It’s sunny this morning here in New York. Nonetheless, from this day forward, and retroactively, I am going to label my weekly posts “Gray Friday.” I am doing so because all of my posts have been informed by my appreciation of the beauty of the gray, and because I see a great advantage in making this explicit.

I announced my intention to write a gray series in an early PS post:

“I have a gray view of the Israeli-Palestinian conflict, a gray view of neo-liberalism, a gray view about capitalism, and rationality and affect, a gray view of militant democracy, and a gray view of socialism. When many of my colleagues, friends, and indeed even relatives, see things in black and white, not to mention in red and green, I see ambiguity and complexity, want nuance, expect the less than ideal, but hope for, and do what I can to make possible, the better, knowing that to do what I can requires an appreciation of the power of the powerless, the power of the politics of small things in my terms. To be clear, I am not calling for moderation, or acceptance of the ways things are. I am radically committed to democracy and pragmatically committed, with qualifications, to non-violence. As I appreciate the beauty of gray, I also appreciate the limits of violence.”

But one thing led to another, and though I have written pieces occasionally on the topic, my intended series never came to be until now. So as Claire Potter will be doing “Purple Wednesdays,” I will do “Gray Fridays,” and we will be on the look out for other weekly contributors. I think Jeffrey C. Isaac’s “Blue Mondays” may be coming in the relatively near future. There will be some shared sensibilities in these color coded weekly columns, with notable differences of emphasis.

My appreciation of gray has political, as well as a more formal sociological inspiration.

The political concerns the special gray quality of democracy, as Adam Michnik explained in a lecture at The New School in December, 1996:

“Radical movements — whether under black or red banners — gladly use democracy in order to obliterate it. In the meantime, democracy is neither black nor red. Democracy is gray, is established only with difficulty, and its quality and flavor can be recognized best when it comes under the pressure of advancing red or black ideas… Democracy is a continuous articulation of particular interests, a diligent search for compromise among them, a marketplace of passions, emotions, hatreds and hopes; it is eternal imperfection, a mixture of sinfulness, saintliness, and monkey business.”

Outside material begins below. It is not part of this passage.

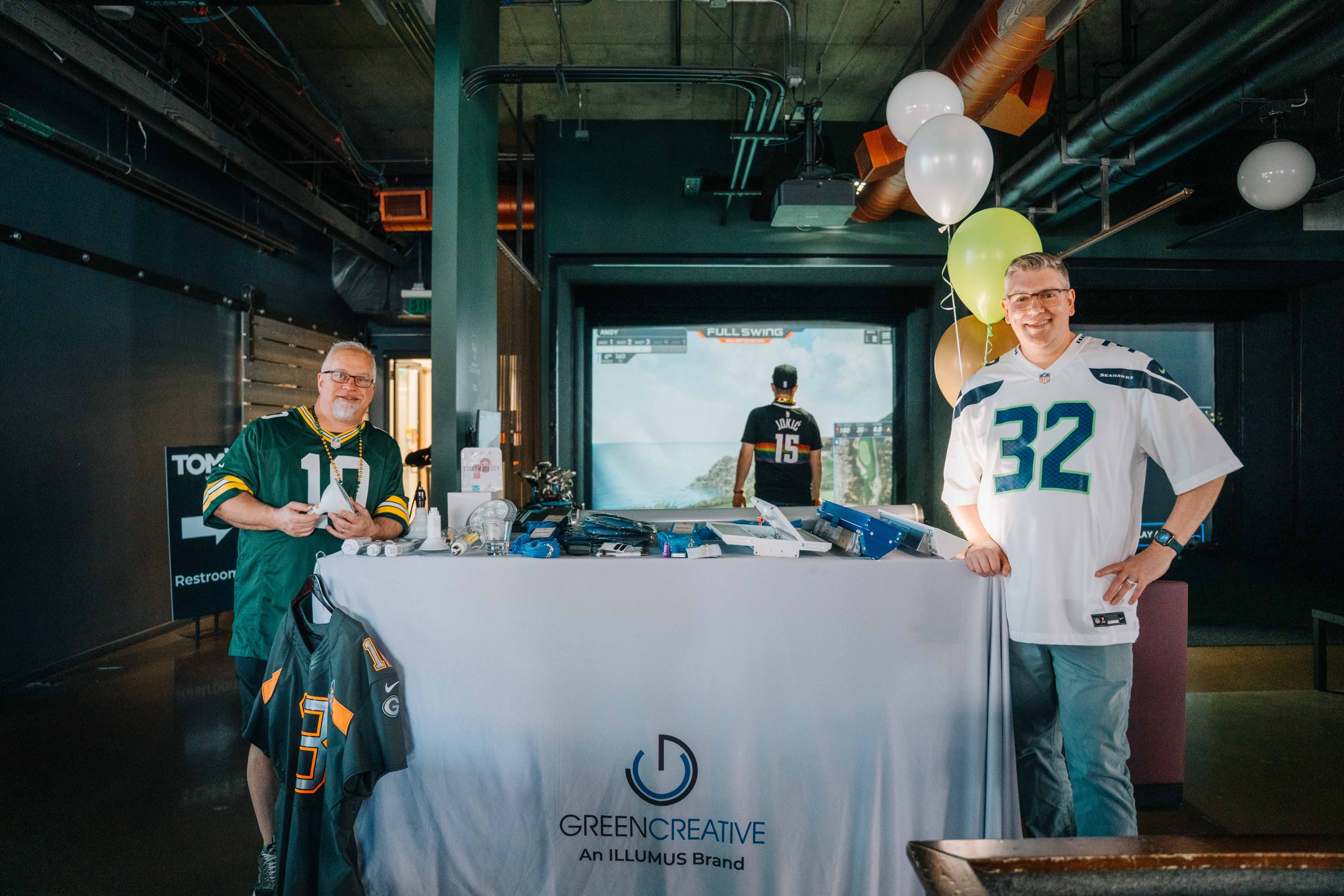 Two men stand behind a table with promotional materials and branded items at an indoor event, smiling for the photo. One wears a green sports jersey, and the other wears a white sports jersey with the number 32. Balloons are attached to a nearby pole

The sociological grounds for an appreciation of gray concerns what I call the social condition, an approach to social life that analyzes the tensions knitted into the social fabric that raises dilemmas, understanding that the dilemmas can’t be resolved through easy formulas derived from clear social scientific knowledge. The project is to understand the dilemmas, not to theoretically solve them. The project is to theoretically account and make room for democratic action.

As I started my study of the social condition, I thought about this as it concerned the education of the young in democratic societies, the problem of race as a social construction, and the complexities of social construction more generally. My colleague, Iddo Tavory, and my students have developed the theme, refining the theoretical understanding and applying it to a broad range of human endeavors. Facing the dilemmas arising out of social tensions, with an understanding that there are no easy solutions, reveals gray insights.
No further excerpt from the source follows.